Kapalı ve bulanık bir gün.
Yaşasın, mistik şeyleri analiz etmek için ideal bir ortam.
Yalnızlık, bir miktar zaman, dinginlik ve huzur pıtırcıkları var odamda.
Çevremizi nasıl algıladığımızı düşünmek için gereken her şey mevcut.
Etrafıma bakıp, gördüğüm şeyleri nasıl anlamlandırdığımı düşünüyorum.
Parmaklarımın üzerinde dans ettiği klavye, oturduğum sallanan sandalye, bana radyasyon vermeye alışkın monitörüm, üstü kalabalık masam…
Çevremdeki şeyleri bana özgü duyusal aygıtlarımın görebildiği biçimde algıladığımı sanıyorum.
Diğer yandan görme sinirlerimin göz yuvarlağının içinden beynimin arkasına kadar gittiği yerde hiç görsel alıcı olmadığını biliyorum. ( Bunu da nerden biliyorsam?
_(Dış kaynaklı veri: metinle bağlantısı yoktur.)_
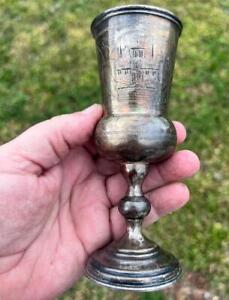 Old Antique Russian Silver 875 84 Yiddish Cup Judaica Hallmarked Kiddish Kuddish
Ehi. )
Yani aslında gören gözlerim değil beynim.
Bu dünya, inanç sistemimin görmeme izin verdiği dünya.
Bu dünya duygularımın görmek veya görmemek istediği dünya olmalı…
Doğduğumdan bu yana elde ettiğim duygu repertuarının süzgecinden geçtikten sonra anlam kazanıyor baktıklarım.
Baktığımız şeyi hiç bir şeye benzetemiyorsak ve ya gerçek olmadığını düşünüyorsak “Aman Tengrim hayal mi görüyorum” şeklinde inlememiz de bundan kaynaklanıyor bence.
Durmayın!…
Bilgi süngeri olun.
Duygu repertuarınızı zenginleştirin.
(Gözlerini kısarak bakar, çevresindeki her şey buğulanmaya ve titremeye başlar… )
9 Cevaplar Kime:“Göz bakar beyin görür”
repertuar zenginliği bakımından assolistlerle yarışabilir durumda olduğumu düşünüyorum.
Bunlar hoş özellikler.
Belki de her insanın yaşam sebebi birbirinden farklıdır. Bazı kavramları gerekçelendirebilmek aklın ötesine geçmeyi gerektiriyor sanırım.
Aklın ötesi nedenlerin ötesidir. Geçmeli miyiz? Neden olmasın?
Öyle veya böyle isteklerimize ulaşmak için gereken çabayı göstermeliyiz bence.
( Çabalar gösterir, gayretler sergiler. )
Daha çok çabalar gösterir, gayret püskürtür.
Araştırıyorum. İncelemeler yapıyorum ve gayret ediyorum.
“Yani aslında gören gözlerim değil beynim.”
sadece beynin mi emin misin?
****************************
Emin olduğum tek şey hiçbir şeyden emin olmadığım.